EXERCISE DIRECTIONS:
Lines below starting with the line with "Detailopname van witte" and going on through the line with "iss066e019166 (Oct. 28, 2021)" must be output exactly; the rest of the records must be left out.

INPUT DATA:
* * * *

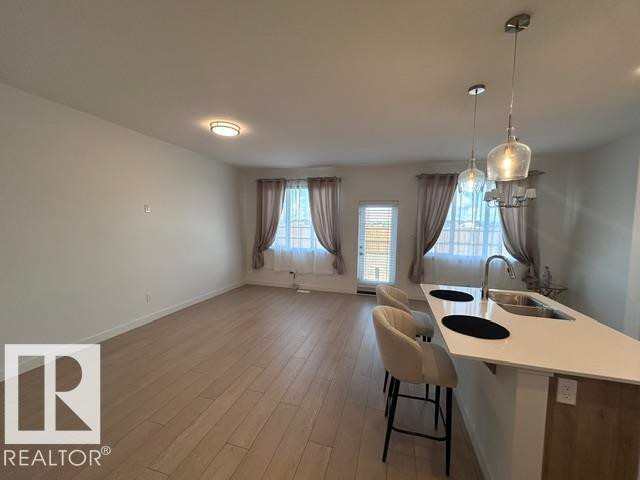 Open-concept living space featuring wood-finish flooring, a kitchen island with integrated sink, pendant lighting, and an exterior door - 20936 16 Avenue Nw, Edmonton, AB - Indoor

* * * *

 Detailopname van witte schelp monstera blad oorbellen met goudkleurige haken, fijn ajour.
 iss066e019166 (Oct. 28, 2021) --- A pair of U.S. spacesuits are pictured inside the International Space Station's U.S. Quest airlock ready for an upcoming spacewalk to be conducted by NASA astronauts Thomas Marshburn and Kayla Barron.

* * * *

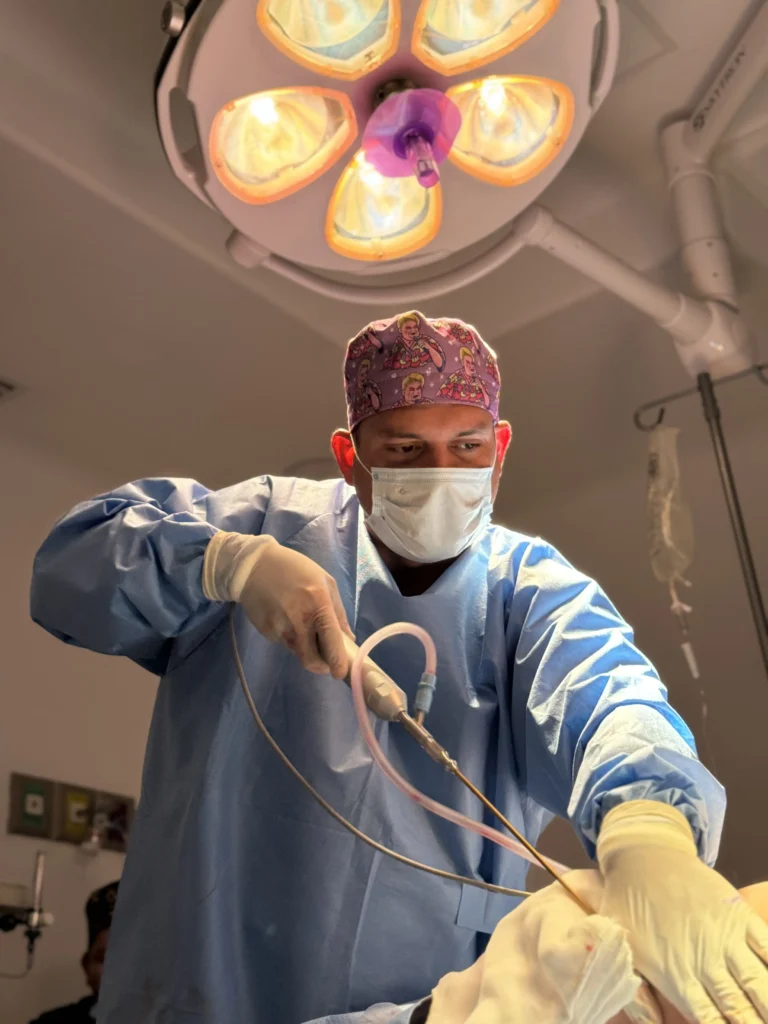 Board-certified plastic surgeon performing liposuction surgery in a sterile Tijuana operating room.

* * * *

FINISHED EXERCISE:
 Detailopname van witte schelp monstera blad oorbellen met goudkleurige haken, fijn ajour.
 iss066e019166 (Oct. 28, 2021) --- A pair of U.S. spacesuits are pictured inside the International Space Station's U.S. Quest airlock ready for an upcoming spacewalk to be conducted by NASA astronauts Thomas Marshburn and Kayla Barron.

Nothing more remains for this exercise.